Et cette confusion, qui est vraiment centrale dans notre problème, vous la trouvez dans la
disposition de la loi belge qui a court-circuité dans un seul article les deux alinéas de l’article 27 du
statut de la Cour pénale internationale. L’article 27 du statut de la Cour pénale internationale fait
bien la distinction entre un premier aspect qui est celui des causes d’excuses que pourrait trouver la
personne accusée dans les fonctions qu’elle exerçait au moment de l’exercice de celle-ci, et le
deuxième paragraphe vise bien l’immunité. Et dans le statut de la Cour pénale internationale, on
précise bien les immunités de droit interne ou de droit international.
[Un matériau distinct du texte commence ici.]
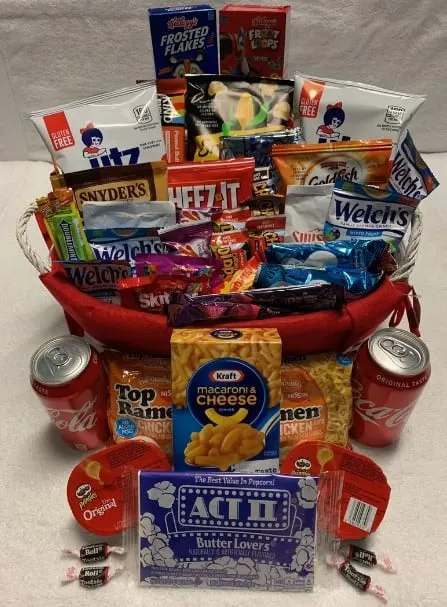 A whitle wicker basket lined with a red cloth and filled with popcorn, fruit snacks, potato chips, mini cereal boxes, mac and cheese, coco cola and ramen noodles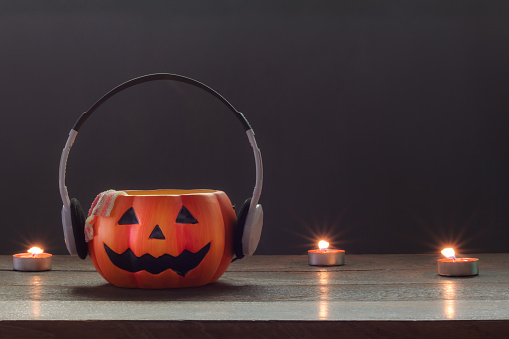 Essential accessory of Happy Halloween decorations festival and music concept background.Mix variety candle items and pumpkin listening radio by headphone on modern rustic wood at home office desk.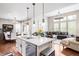 Open kitchen with a large island, sink, and stainless steel appliances adjacent to the living area at 15205 W Baker Ave, Lakewood, CO 80228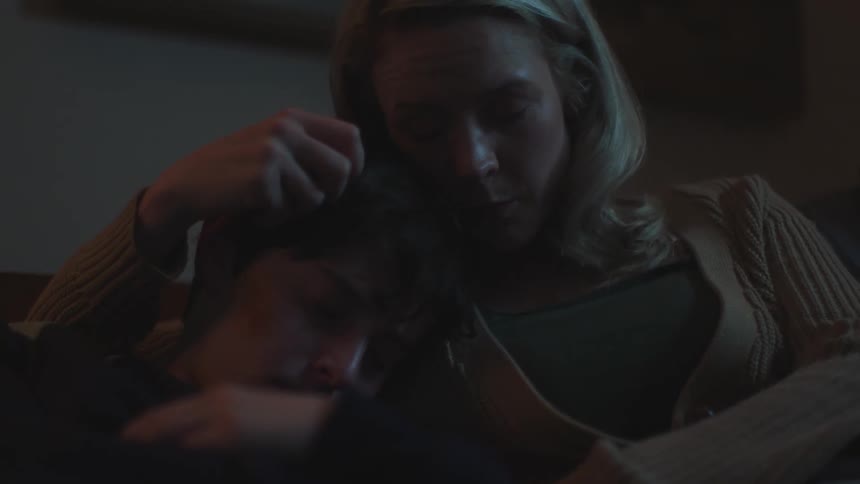 Mother cuddles sleeping son kissing and stroking his hair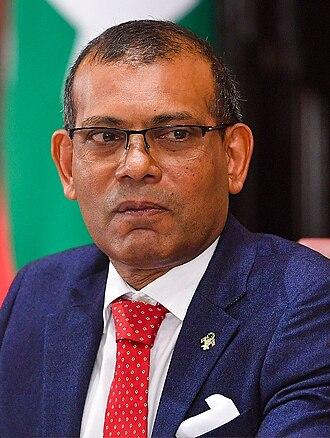 Moment image for Former Maldives President Mohamed Nasheed arrested, sparking political unrest and criticism of judicial process.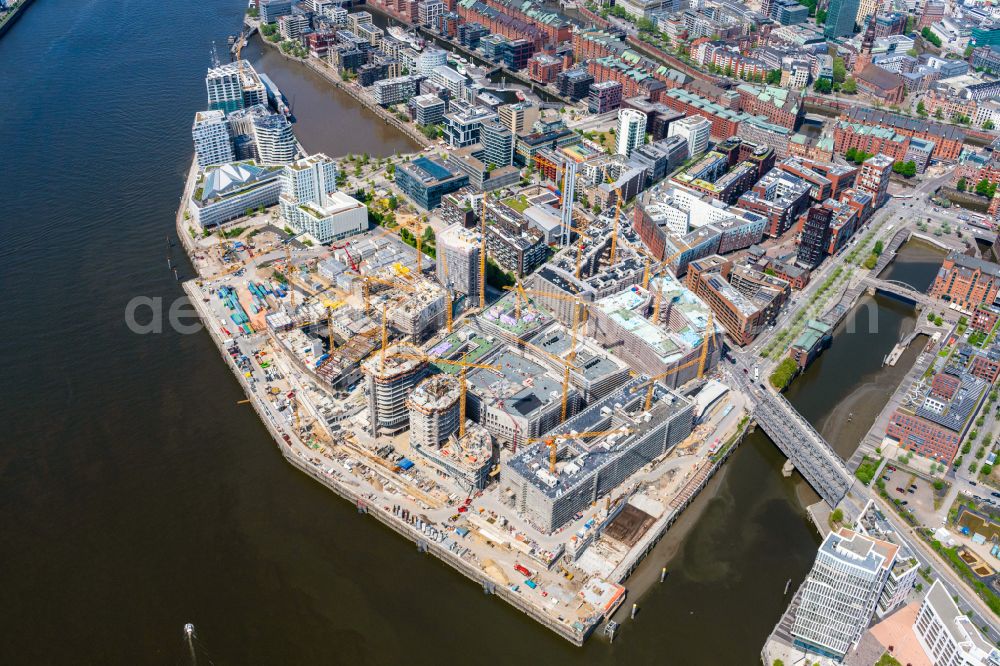 Hamburg from above - Construction site for the new building complex of the shopping center at Ueberseequartier at Strandkai in the Hafencity district in Hamburg, Germany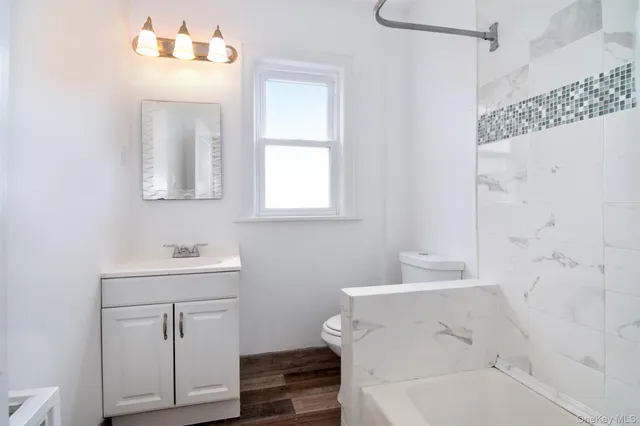 a bathroom with a sink mirror and a bathtub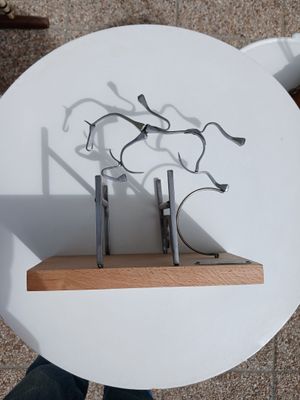 une sculpture représentant des ciseaux, posée sur une étagère posée sur une table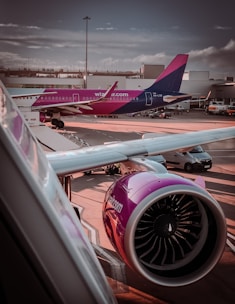a large jetliner sitting on top of an airport tarmac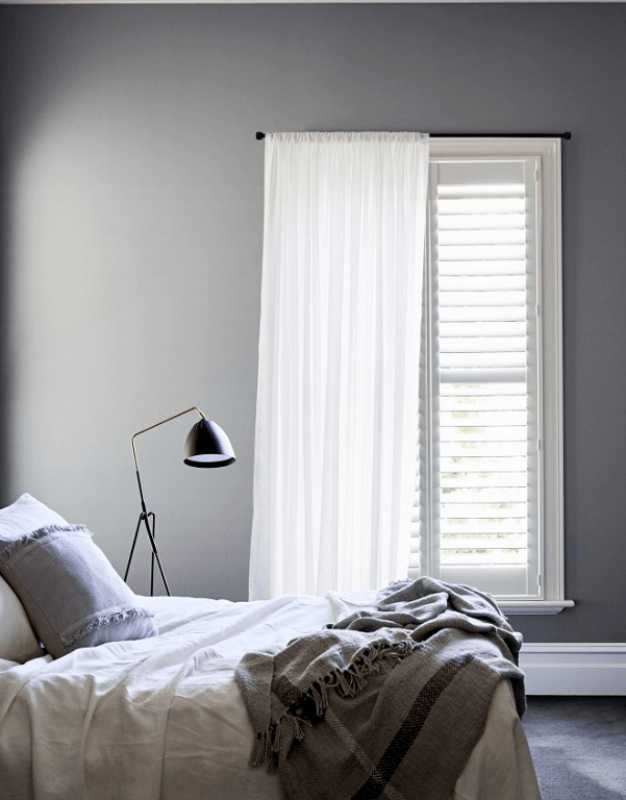 A bedroom with a bed a lamp and a window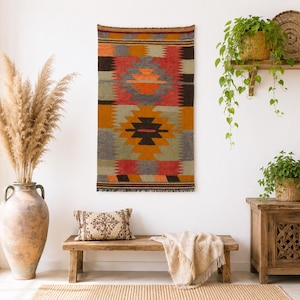 May include: A rectangular woven wall hanging featuring a geometric pattern in shades of red, orange, gray, and black. The textile displays symmetrical diamond motifs and horizontal bands, finished with a fringed edge at the top and bottom.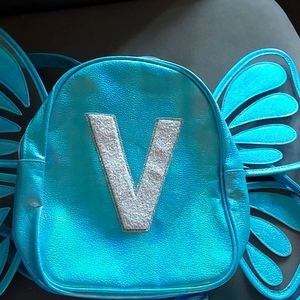 A cute little butterfly bag for your little one with a V on it!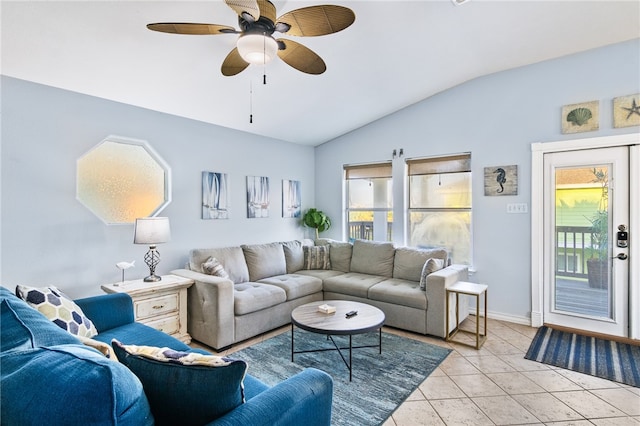 tiled living room with ceiling fan and lofted ceiling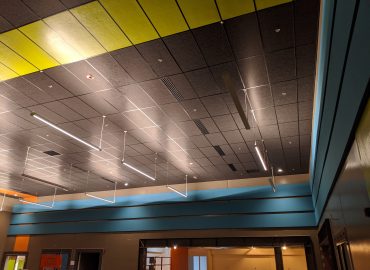Black, yellow and blue ceiling treatment with integrated lighting.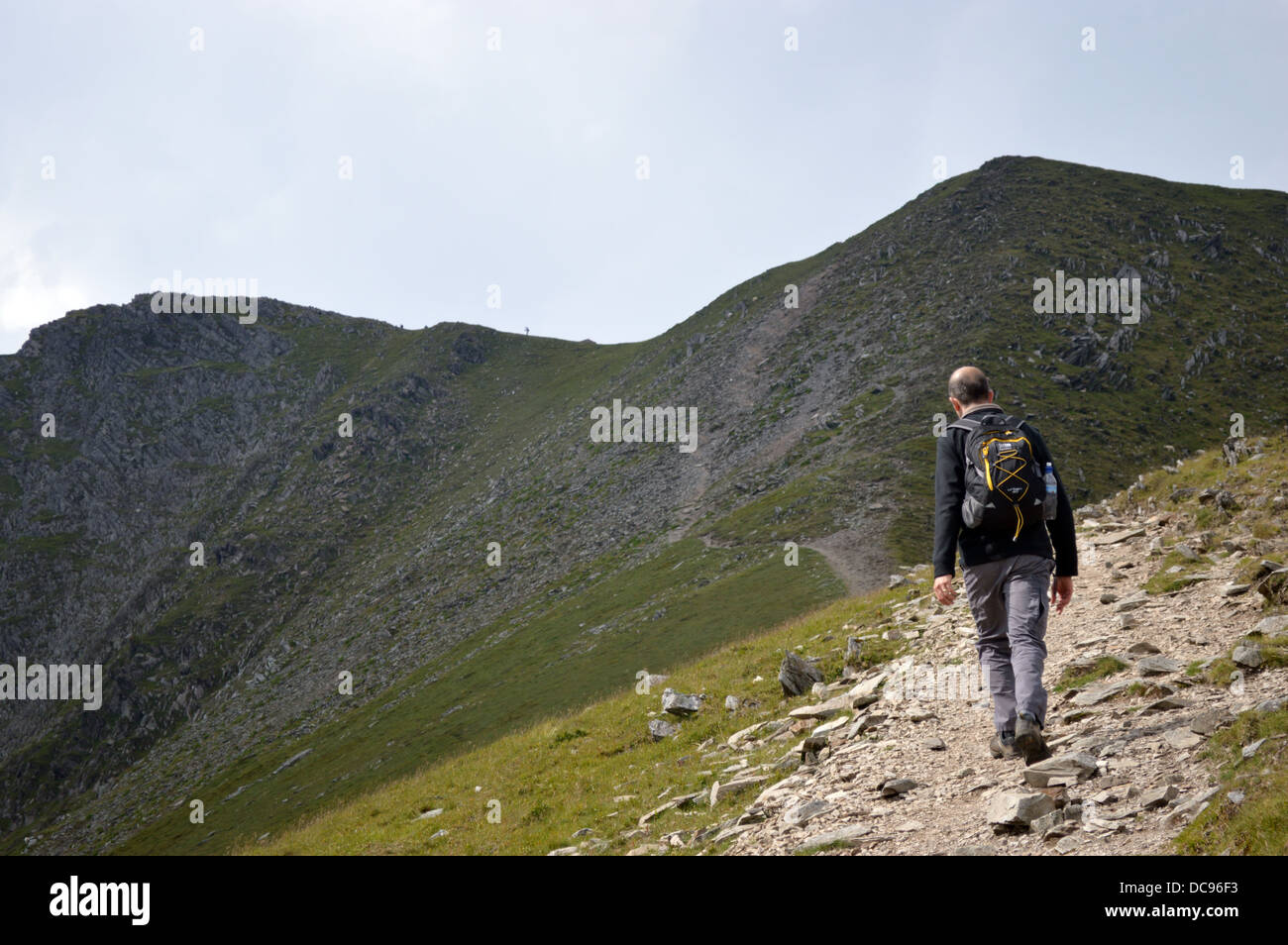 Walker sul sentiero avvicinarsi al vertice della montagna gallese Y Garn nel Parco Nazionale di Snowdonia Foto Stock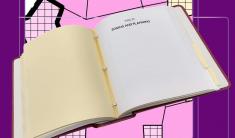 A thick book opened to page titled Title 21 Zoning and Planning with a pink colored zoning map in the background.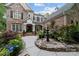 Brick home with a fountain and walkway leading to the entrance at 12466 Preservation Pointe Dr, Charlotte, NC 28216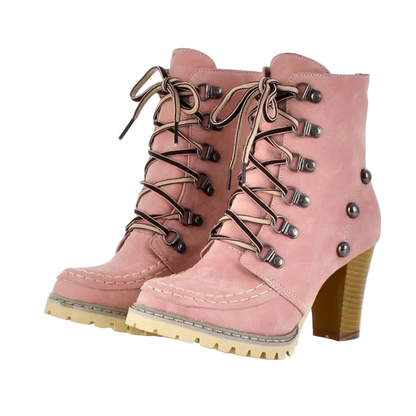 Pink lace-up boots with brown laces and buttons on a white background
La loi belge parle bien d’immunité, elle n’ose pas parler d’immunité de droit international,
parce qu’apparaissait assez énorme que le législateur se prononce sur une immunité de droit
international, et elle dit donc immunité tout court. Et c’est en tous cas de cette manière que la loi a
été interprétée par un certain nombre de juges d’instruction comme on le rappelait déjà tout à
l’heure. Il ne s’agit donc pas, dans l’hypothèse des grands criminels de guerre, d’une immunité, ils
n’avaient plus aucune immunité quelconque, ils n’avaient plus aucune qualité officielle, il s’agissait
d’un problème tout à fait différent qui était de savoir si les fonctions qu’ils exerçaient les
protégeaient contre l’exercice de la justice pénale internationale. Et vous vous rappellerez
peut-être, Monsieur le président, Madame et Messieurs les Membres du jury, que, au moment de la
mise en accusation de l’ex-Empereur Guillaume II, il y a eu un certain nombre de voies
discordantes, notamment américaines, estimant, suivant une doctrine qui était acceptée à cette
époque mais qui est périmée aujourd’hui, qu’un chef d’Etat ne peut pas être personnellement mis
en cause pour des actes qu’il a accompli au nom de son gouvernement.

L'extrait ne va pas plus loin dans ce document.